On the other hand, this Tonatiuh on the right isn’t as recognizable; his Fire Serpent scepter is no sure identifier. Rather than a sun-symbol, the semi-circular thing on his back looks more like that strange thing on Tlahuizcalpantecuhtli in the Snake trecena, but this one has an out-of-place skull on it. Even the semi-circle at top center isn’t a sun symbol, but one of the night, relating to the Night Lord Mictlantecuhtli. Apparently, the patrons are considered much less important than the central sacrifice scene.

Meanwhile, the profusion of other items in this panel suggests other considerations. Take for instance the vignette on the upper left of a person half-engulfed in some container, which harks back to the “packaged” body in the Aubin panel. When a motif appears again in separate situations, one has to assume that it has important symbolic significance—and when it’s repeated like the two blue creatures (also seen before) or the two pots of water. Those repetitive blue symbols around the pole of sacrifice surely aren’t there for gratuitous decoration, but I’m at a total loss for their meanings.

Note the little spear-bearer on the lower left. I’d bet he’s there to indicate the Flint trecena with his flint spearhead. However, I can’t explain the presence of that Venus-related scorpion over his head. It’s the same as the one with the Morning Star in the Snake panel. Has the Borbonicus artist gotten his dogmas mixed up?
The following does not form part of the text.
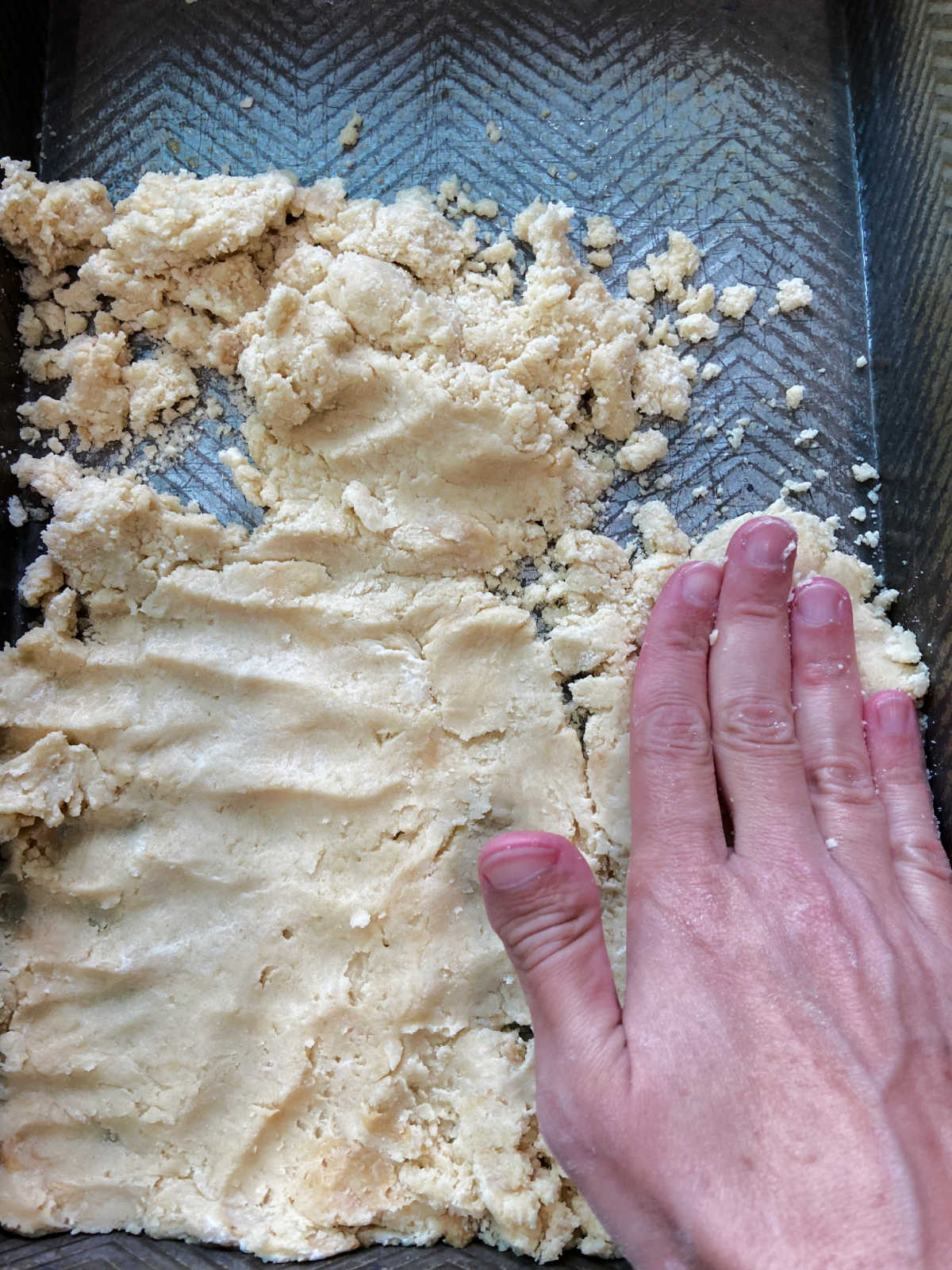 A hand flattening shortbread in the bottom of a pan.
As a grace note, check out the little snake hovering over Tonatiuh’s head—reminiscent of that Aubin snake with him. But there’s no one to ask…


Codex Vaticanus patron panel for Flint trecena

The Codex Vaticanus patron panel for the Flint trecena is a slight rearrangement of what we saw in the Borgia panel, switching sides for the patrons but adding nothing new. The original panel was laid out with much wider spaces, squeezing off parts of Mictlantecuhtli’s regalia like what may have been another “pointy thing” in his headdress. For convenience and aesthetics, I brought the elements closer together and touched up several broken lines and blotched colors. Again, the central ritual sacrifice seems of exceeding importance, and once again the victim’s drowning is being graciously assisted. After all, his death will keep Tonatiuh turning in the sky, and Mictlantecuhtli will be happy to take his bones home to Mictlan.


This survey of the Flint trecena’s patron panels certainly corroborates Dr. Paquin’s main themes of sacrifice and separation and well illustrates canonical (if at times confused) iconography across the various codices. Stylistic differences ultimately don’t really matter all that much.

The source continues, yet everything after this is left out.